Araştırmaya göre, Türkiye'deki katılımcıların büyük bir bölümü günlük yaşamlarında öfke ve sinirlenme durumlarını sıkça yaşadıklarını belirttiler. Katılımcıların yüzde 48’i, son gün içinde öfke veya sinir hali yaşadığını ifade etti. Bu oran, Türkiye’yi dünyanın en sinirli ikinci ülkesi yaparken, birinci sırada ise Irak yer alıyor. Özellikle ekonomik sıkıntılar, yüksek enflasyon oranları, işsizlik ve gündelik yaşamın zorlukları, insanların daha fazla stres ve öfke hissetmesine yol açan başlıca faktörler olarak öne çıkıyor.

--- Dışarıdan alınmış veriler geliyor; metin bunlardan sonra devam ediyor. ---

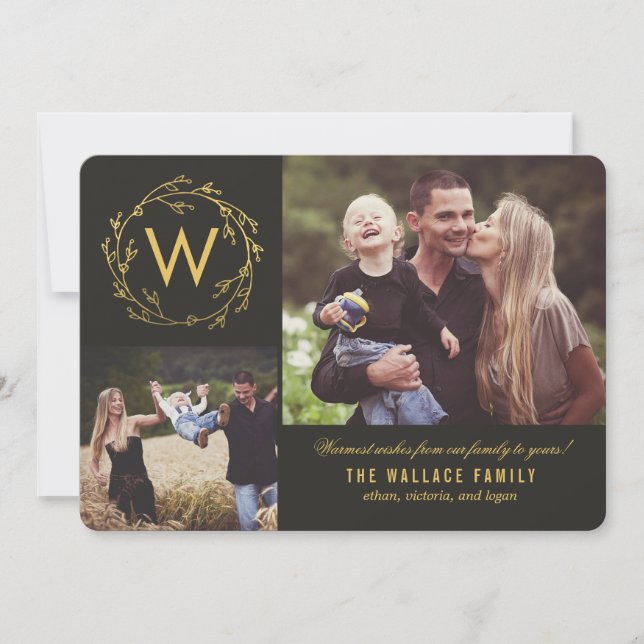 Monogram Wreath Holiday Photo Card (Front)
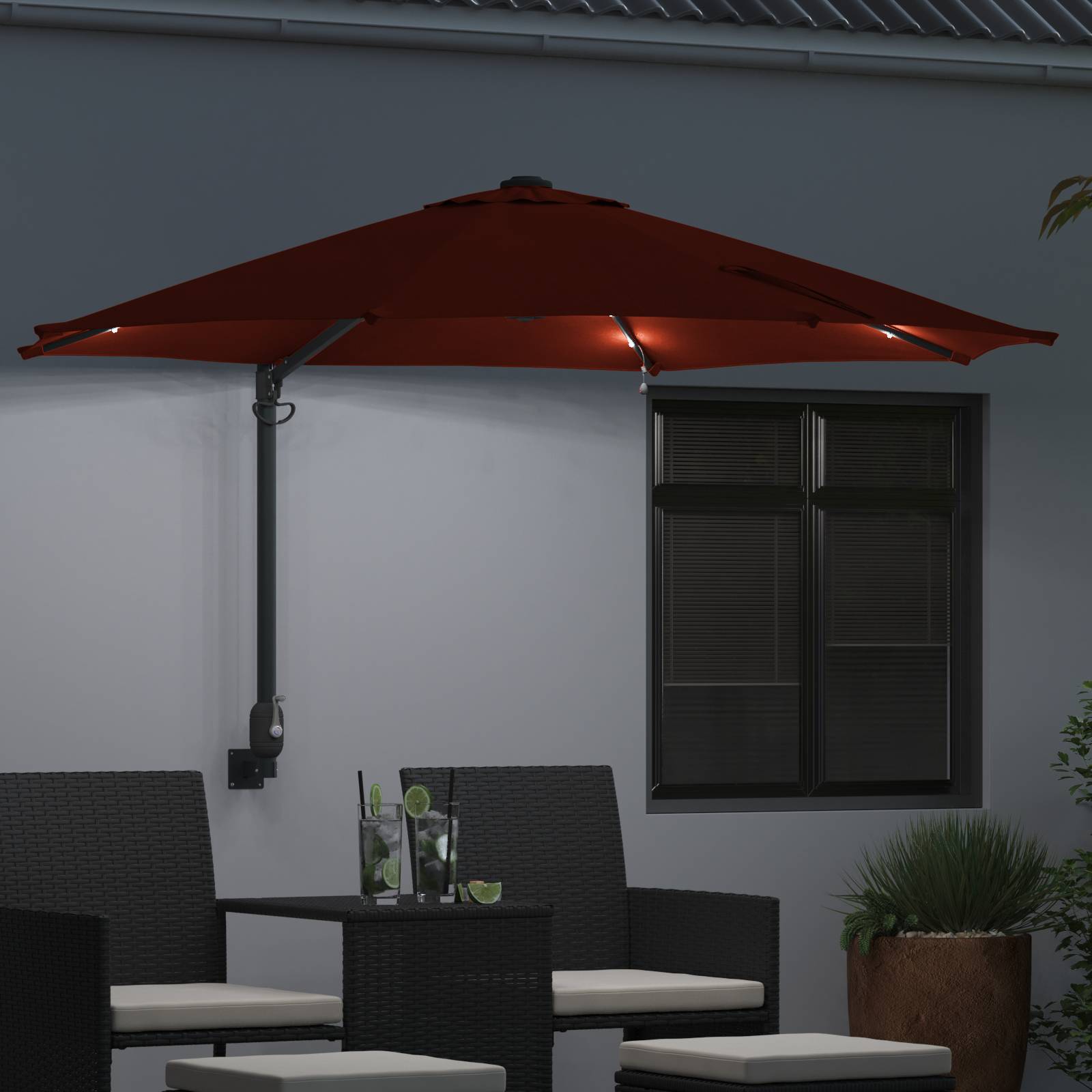 vidaXL Wand-Sonnenschirm mit LED-Leuchten Terrakottarot 248 cm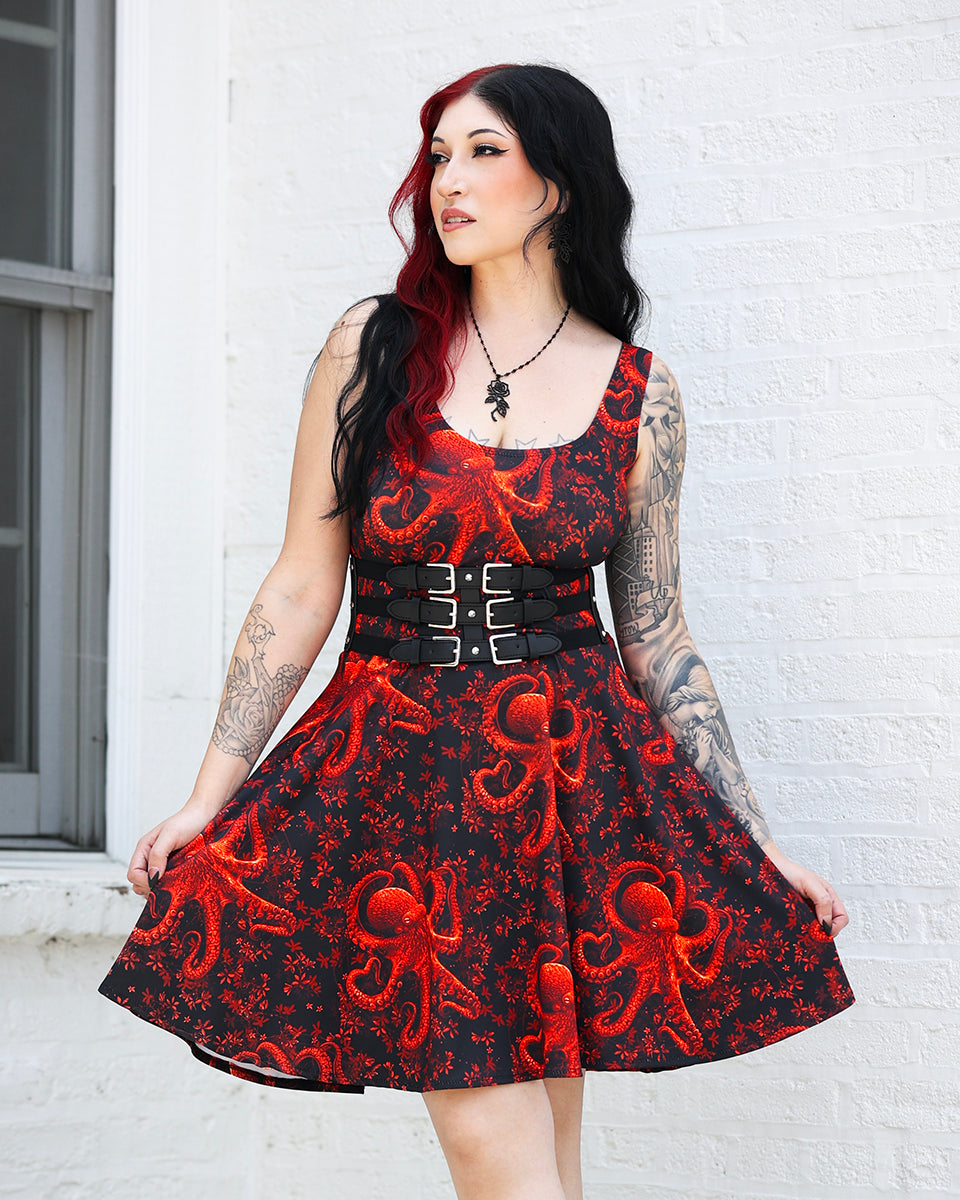 strapless open back dress Abyss Octopus Skater Dress L
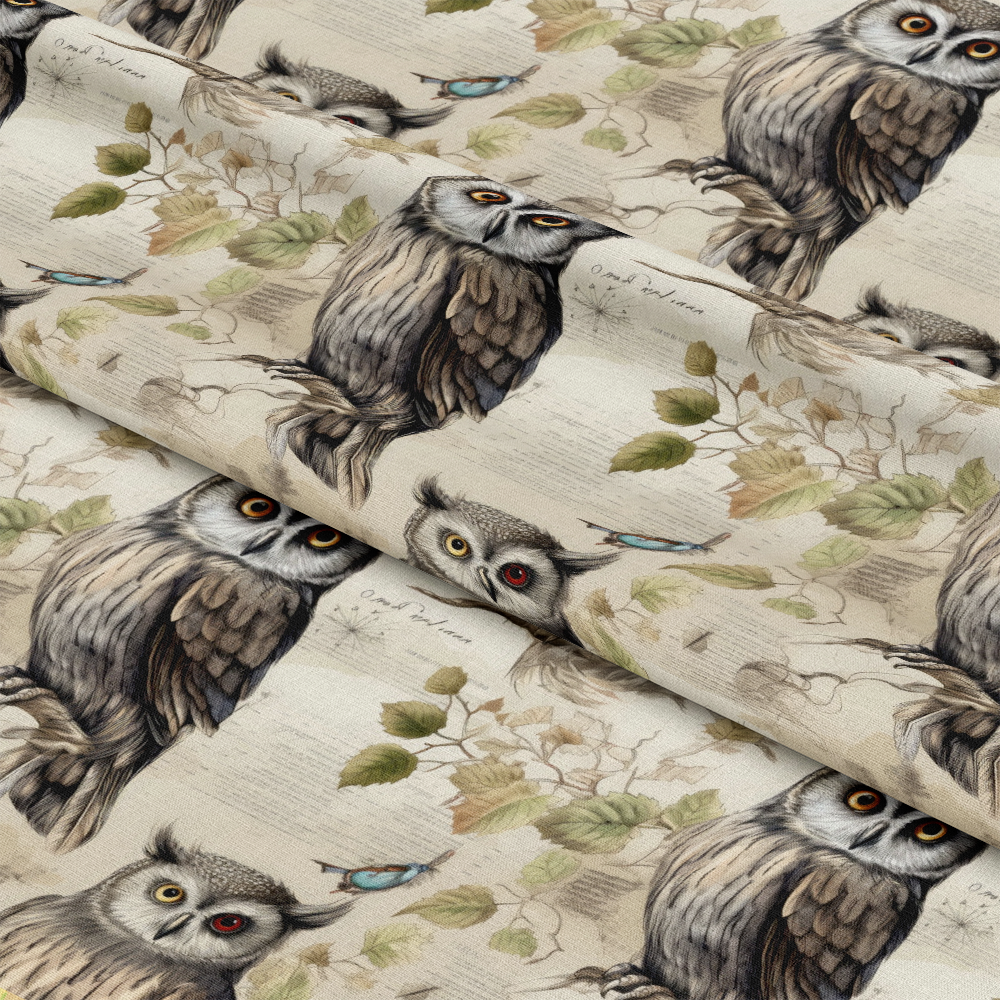 Owl Ephemera Pattern 6 Quilting Cotton Fabric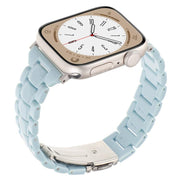 For Apple Watch 46mm / 49mm / 45mm / 44mm Small Waist Rhombus Three-bead Resin Watch Band(Turquoize)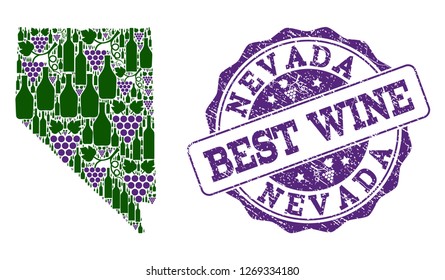 Vector collage of grape wine map of Nevada State and grunge seal stamp for best wine. Map of Nevada State collage formed with bottles and grape berries.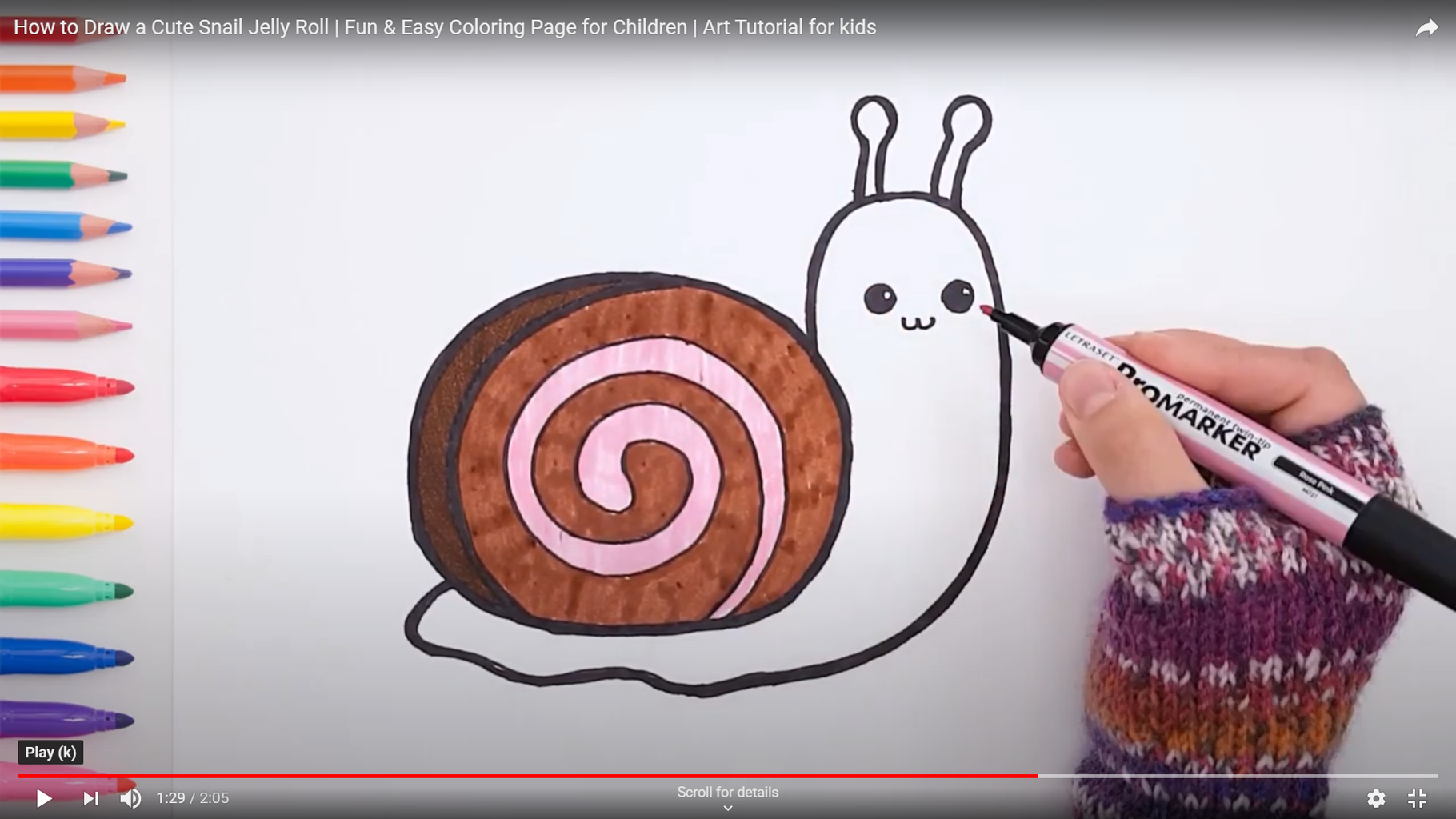 How to draw and color a cute snail jelly roll steps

Psikologlar, Türkiye'nin bu sıralamadaki konumunu toplumun yaşam koşulları ve psikolojik baskılarla açıklıyor. Uzun çalışma saatleri, ekonomik kaygılar ve belirsizliklerle mücadele eden bireylerin, bu tür duygu durumları içinde sık sık sinirlenme ve öfke yaşadıklarını belirtiyorlar. Özellikle büyük şehirlerde yaşayanların, trafik, yoğun yaşam temposu ve sosyal baskılar nedeniyle daha fazla stres altında olduğu ve bu durumun öfke patlamalarına neden olabileceği vurgulanıyor. Stresin ve öfkenin bu kadar yoğun yaşanması ise fiziksel ve mental sağlığı olumsuz yönde etkileyerek toplum genelinde mutsuzluğu artırabiliyor.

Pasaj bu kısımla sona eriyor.